Jusqu'au début de 1842, la lutte est en sa faveur. Cependant, la résistance est réprimée par le maréchal Bugeaud, en raison de l'adaptation de Bugeaud à la tactique de guérilla utilisée par Abdelkader. Abdelkader frappe vite et disparait dans le terrain avec l'infanterie légère. Cependant, les Français augmentent leur mobilité. Les armées françaises répriment brutalement la population indigène et pratiquent une politique de la terre brûlée dans la campagne pour forcer les habitants à mourir de faim afin de déserter leur chef. En 1841, ses fortifications sont presque détruites, et il est forcé d'errer à l'intérieur d'Oran. En 1842, il perd le contrôle de Tlemcen et ses lignes de communication avec le Maroc ne sont pas efficaces. Il réussit à passer la frontière au Maroc pour un sursis, mais les Français battent les Marocains à la bataille d'Isly. Il quitte le Maroc et peut continuer le combat contre les Français, en prenant Sidi Brahim, à la bataille de Sidi-Brahim en septembre 1845. En 1846, il opère sa jonction avec les Kabyles et n'est repoussé vers le Maroc qu'avec de grandes difficultés
Abdelkader est en fin de compte contraint de se rendre. Son échec à obtenir le soutien des tribus de l'Est, à l'exception des Berbères de l'ouest de la Kabylie, contribue à l'étouffement de la rébellion, et un décret d'Abd al-Rahman du Maroc, après le traité de Tanger, bannit l'émir de tout son royaume. Le 21 décembre 1847, Abdelkader se rend au général Louis de Lamoricière en échange de la promesse qu'il serait autorisé à aller à Alexandrie ou à Acre. Il a commenté sa propre reddition avec les mots : « Et Dieu défait ce que ma main a fait » (bien que cela soit probablement apocryphe). Sa demande est acceptée et, deux jours plus tard, sa reddition est rendue officielle au gouverneur général français d'Algérie, Henri d'Orléans, duc d'Aumale, auquel Abdelkader remet symboliquement son cheval de bataille. En fin de compte, cependant, le gouvernement français refuse d'honorer la promesse du général de Lamoricière : Abdelkader est envoyé en France et, au lieu d'être autorisé à être conduit en Orient, est gardé en captivité.
Abdelkader, sa famille et ses fidèles furent détenus en France, d'abord au fort Lamalgue à Toulon, puis à Pau, et en novembre 1848, ils furent transférés au château d'Amboise.
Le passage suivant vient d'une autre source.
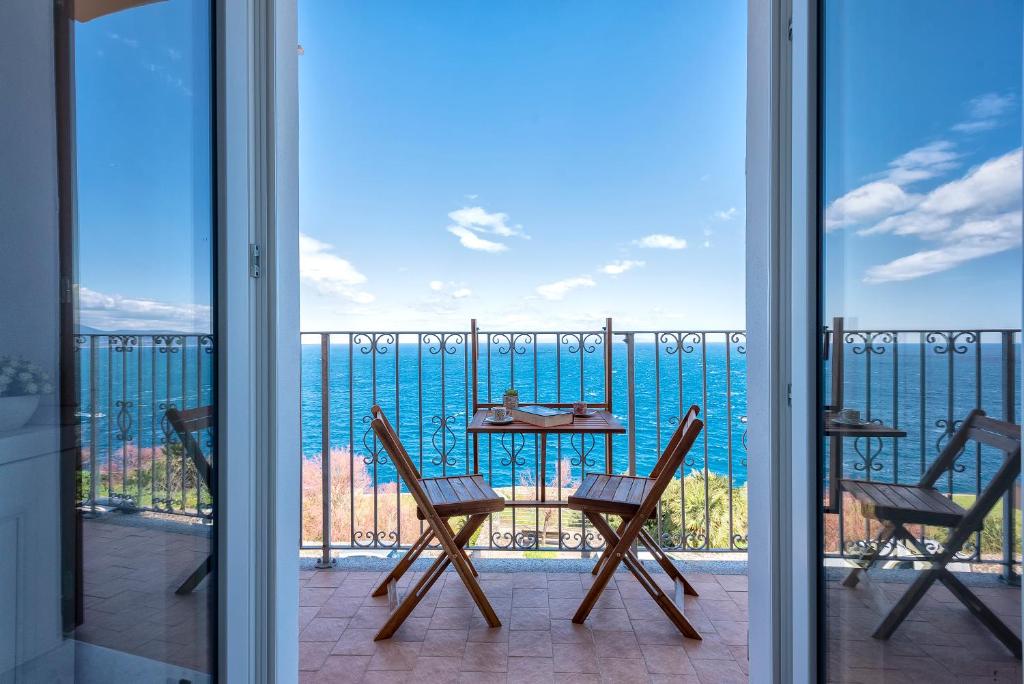 una mesa y sillas en un balcón con vistas al océano en “CIELO E MARE”, CASETTA NEL CUORE DEL BORGO ANTICO / “SKY & SEA”, CHARMING IN THE HEART OF OLD VILLAGE en Castelsardo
Le conditionnement humide du château conduit à la détérioration de la santé, ainsi qu'au moral de l'émir et de ses partisans, et son destin devient une cause célèbre dans certains cercles littéraires. Plusieurs personnalités, dont Émile de Girardin et Victor Hugo, demandent plus de précisions sur la situation de l'émir. Le futur premier ministre, Émile Ollivier, mène une campagne d'opinion publique pour sensibiliser le public à son sort. Il y a aussi une pression internationale. Lord Londonderry rend visite à Abdelkader à Amboise, et écrit par la suite au président de l'époque, Louis Napoléon Bonaparte (qu'il a connu lors de l'exil de ce dernier en Angleterre) pour faire appel à la libération de l'émir.
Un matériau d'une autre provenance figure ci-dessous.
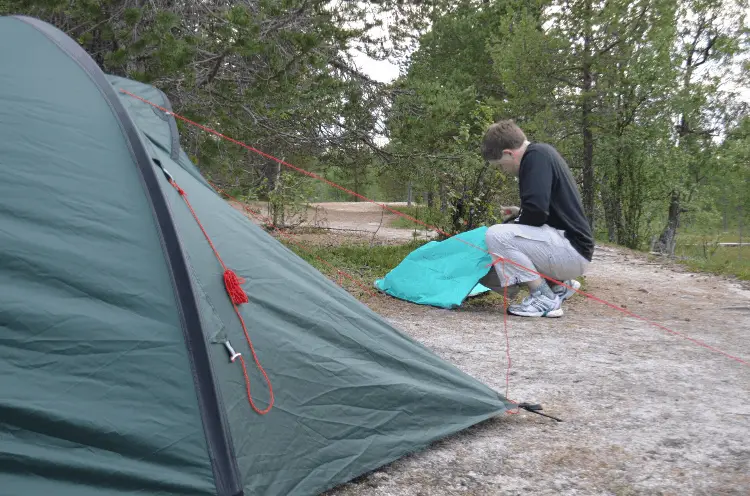 a man folding a tent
Louis-Napoléon Bonaparte (plus tard l'empereur Napoléon III) est un président relativement nouveau, arrivé au pouvoir à la révolution de 1848 alors qu'Abdelkader est déjà emprisonné. Il tient à rompre avec plusieurs politiques du régime précédent, et la cause d'Abdelkader en fait partie. Finalement, le 16 octobre 1852, Abdelkader est libéré par le président et reçoit une pension annuelle de 100 000 francs, en prêtant serment de ne plus jamais fomenter de troubles en Algérie. Il s'installe alors à Bursa, aujourd'hui en Turquie, et déménage en 1855 dans le district d'Amara à Damas. Cette année-là, il écrit une Épître aux Français, dans laquelle il déclare : « Les habitants de la France sont devenus un modèle pour tous les hommes dans le domaine des sciences et du savoir. ». Il se consacre de nouveau à la théologie et à la philosophie et compose un traité philosophique dont une traduction française est publiée en 1858 sous le titre de Rappel à l'intelligent. Avis à l'indifférent. Il écrit un article sur le cheval barbe, traitant également de l'origine des Berbères.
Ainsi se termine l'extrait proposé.